→ Instructions for the task
Leaving out all pictures, repeat exactly the lines from the one that holds "Ghent Sweater in Oatmeal sold by Beau & Ro" to the last line of the entries below.
======== Provided data ========
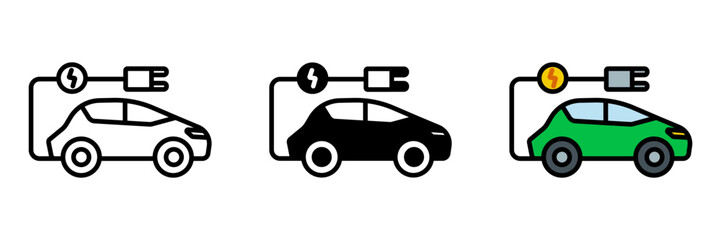 Electric Vehicle is a car powered by electricity instead of fossil fuels, producing zero tailpipe emissions.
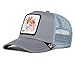 Goorin Bros. The Farm Adjustable Mesh Trucker Hat for Men and Women, Slate The Flirty Bird, One Size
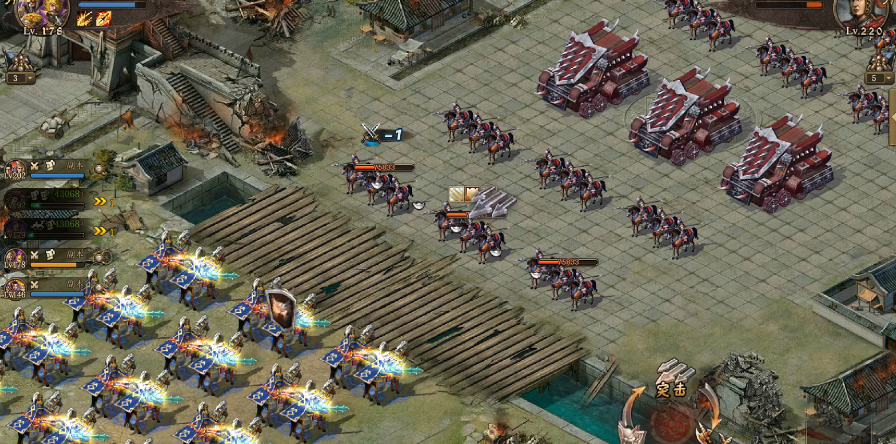 攻城掠地220黄月英怎么过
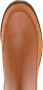 Ulla Johnson Jodie whipstitch-trim leather chelsea boots Brown - Thumbnail 4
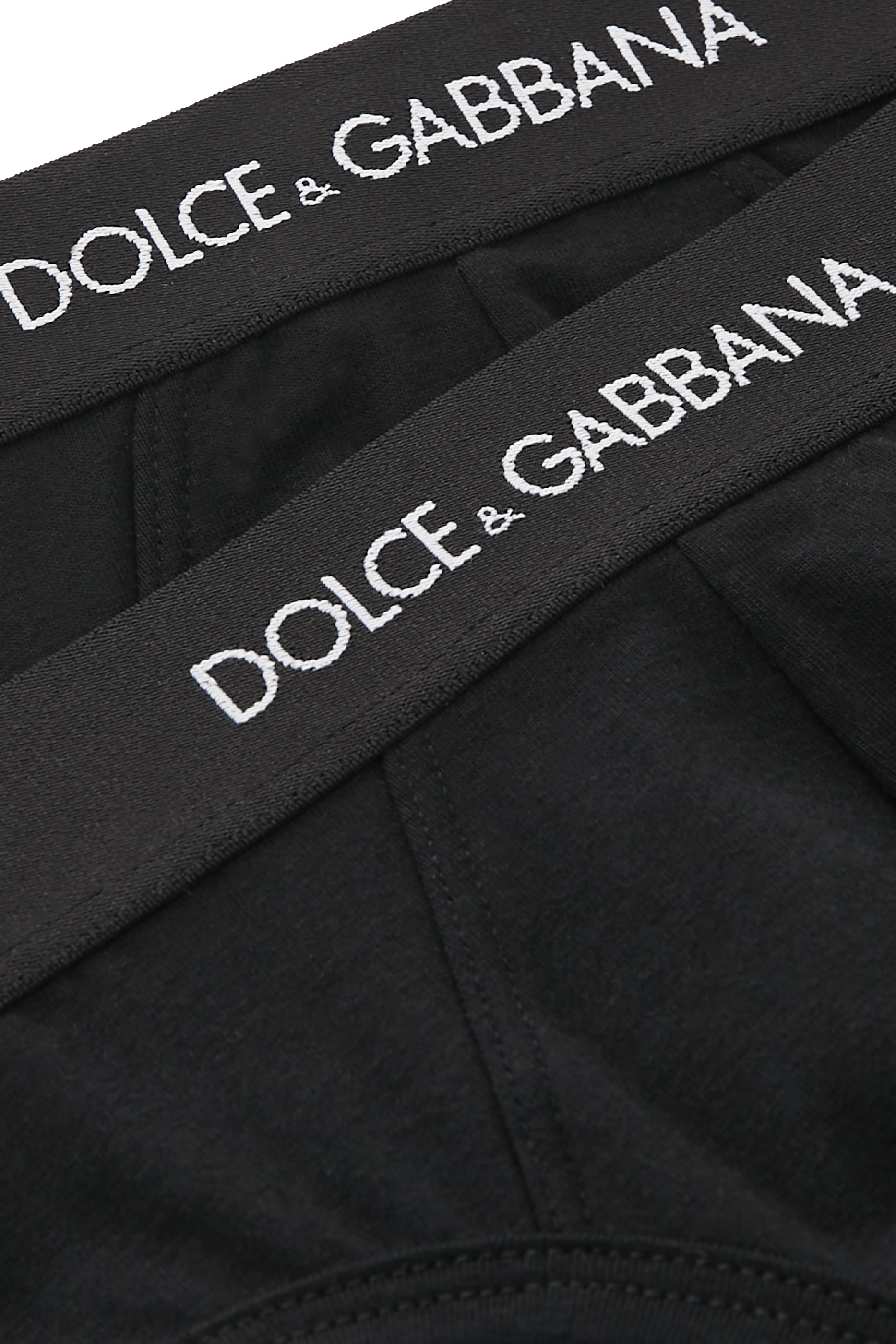 طقم بوكسر بشعار الماركة للأطفال، قطعتين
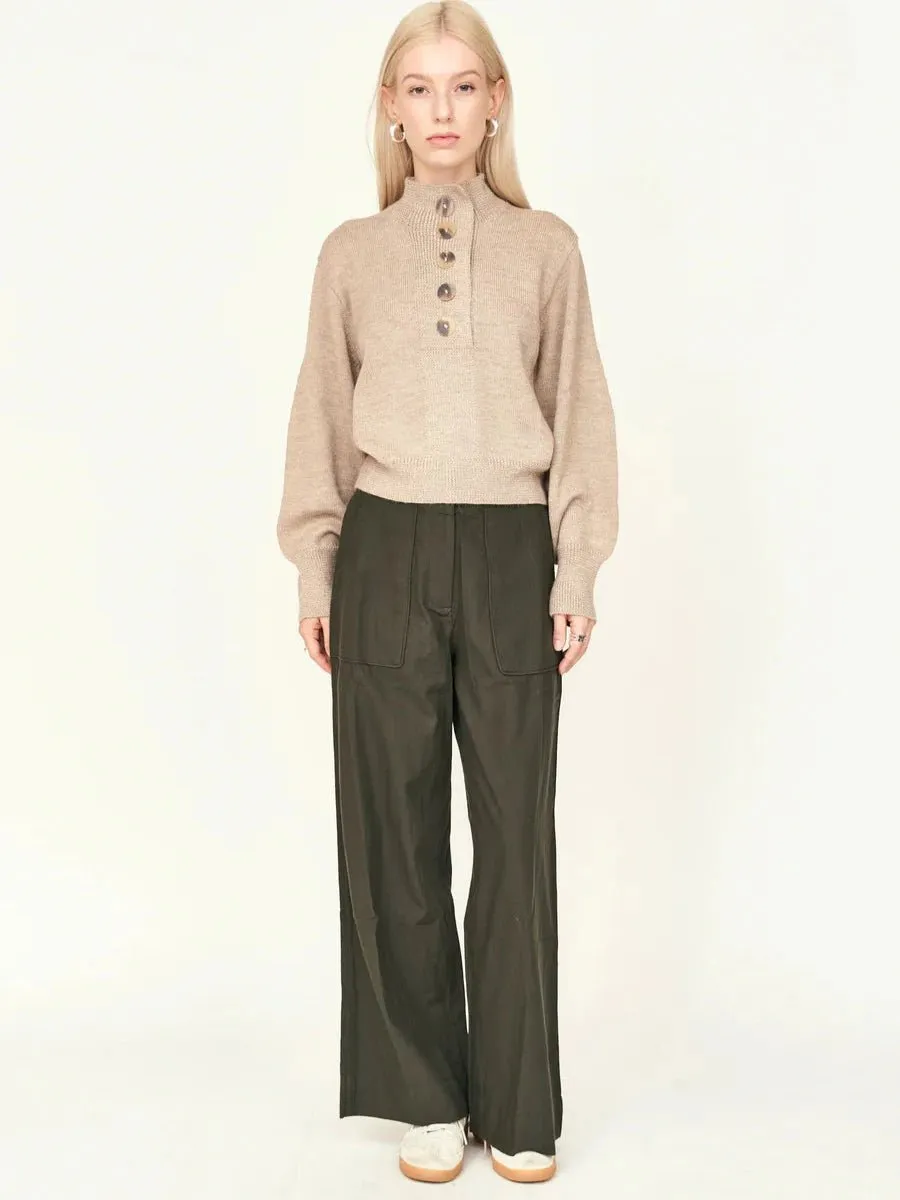 Ghent Sweater in Oatmeal sold by Beau & Ro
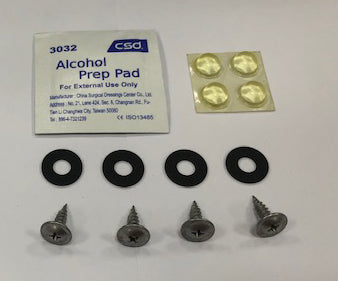 TrailFX Hood Deflector Attachment Kit - Replacement For 5102H (RH5102H)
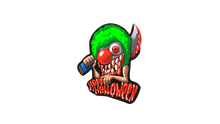 Sticker Bloody Clown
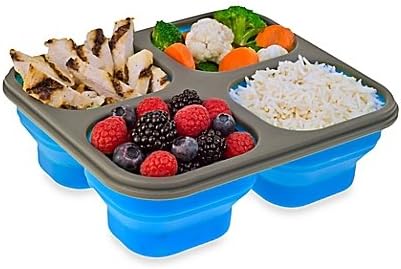 SmartPlanet Portion Perfect Lunch On The Go in Blue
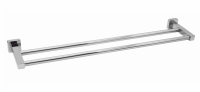 Полотенцедержатель двойной WasserKraft Lippe K-6540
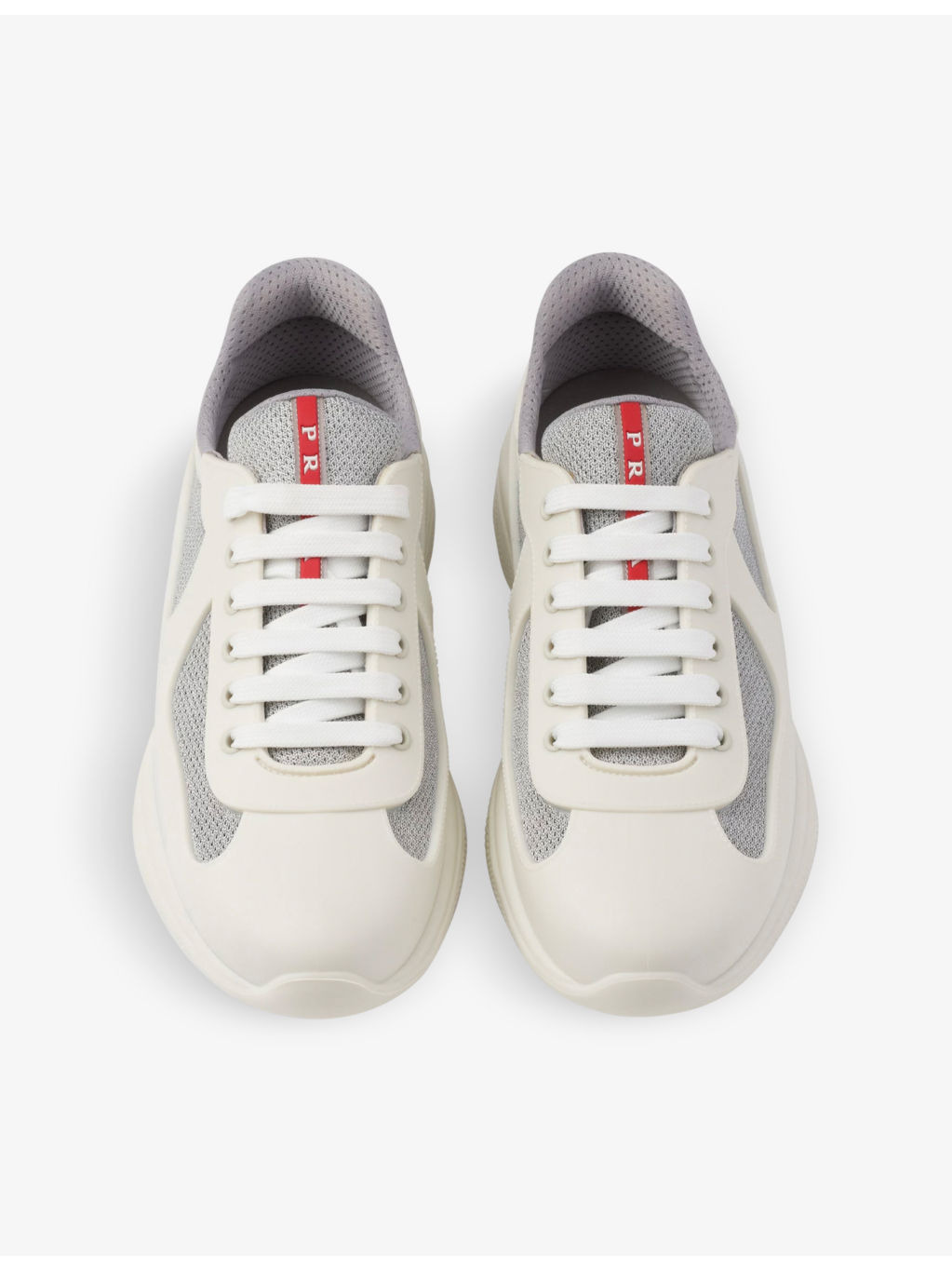 America’s Cup Original leather and mesh trainers - 2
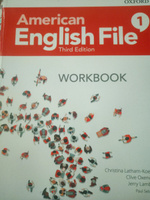 American English File 1 3rd edition (Учебник + Рабочая Тетрадь + CD/DVD) (3 издание) #4, Светлана Щ.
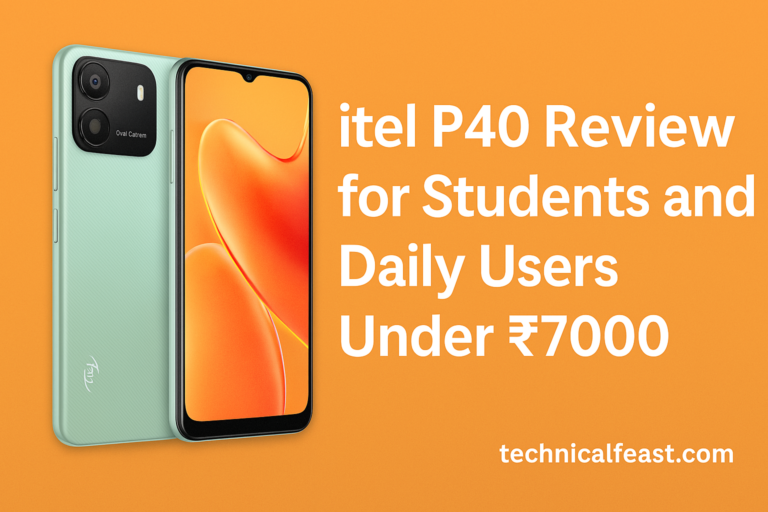 itel P40 Review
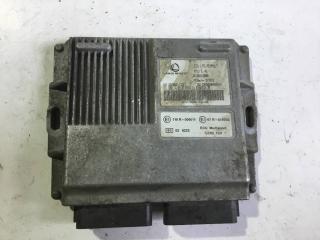 блок управления двигателем Renault Sandero 1 поколение 2009, 1.4 л., бензин, 616551000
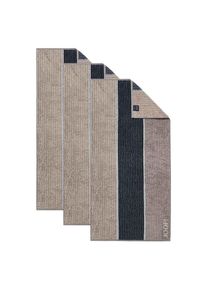 JOOP! Ręcznik dla mężczyzn szary Rozmiar 50x100cm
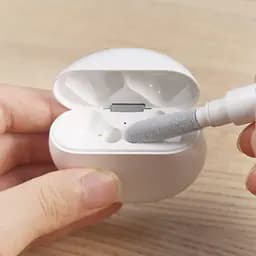 Набір для чищення навушників Xiaomi HAGiBiS Cleaning Pen For AirPods (CP01) White - мініатюра 2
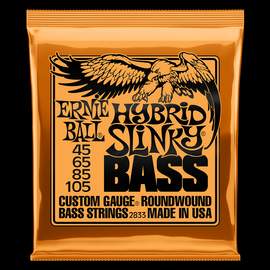 Ernie Ball: Hybrid Slinky Bass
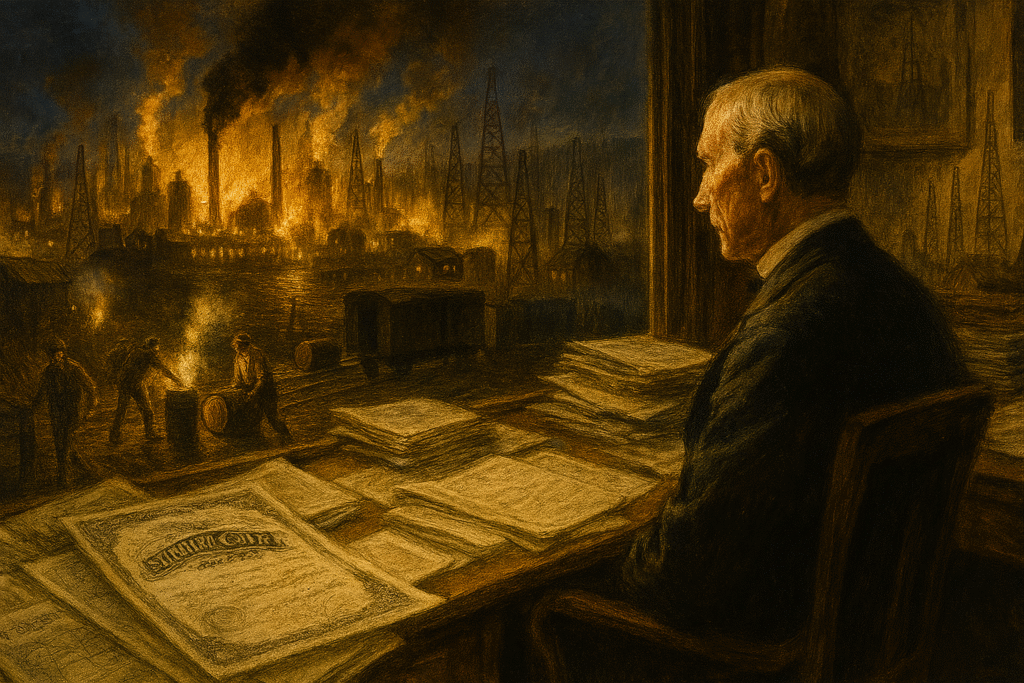 John D. Rockefeller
========
→ Reply to the exercise
 Ghent Sweater in Oatmeal sold by Beau & Ro
 TrailFX Hood Deflector Attachment Kit - Replacement For 5102H (RH5102H)
 Sticker Bloody Clown
 SmartPlanet Portion Perfect Lunch On The Go in Blue
 Полотенцедержатель двойной WasserKraft Lippe K-6540
 America’s Cup Original leather and mesh trainers - 2
 American English File 1 3rd edition (Учебник + Рабочая Тетрадь + CD/DVD) (3 издание) #4, Светлана Щ.
 itel P40 Review
 блок управления двигателем Renault Sandero 1 поколение 2009, 1.4 л., бензин, 616551000
 JOOP! Ręcznik dla mężczyzn szary Rozmiar 50x100cm
 Набір для чищення навушників Xiaomi HAGiBiS Cleaning Pen For AirPods (CP01) White - мініатюра 2
 Ernie Ball: Hybrid Slinky Bass
 John D. Rockefeller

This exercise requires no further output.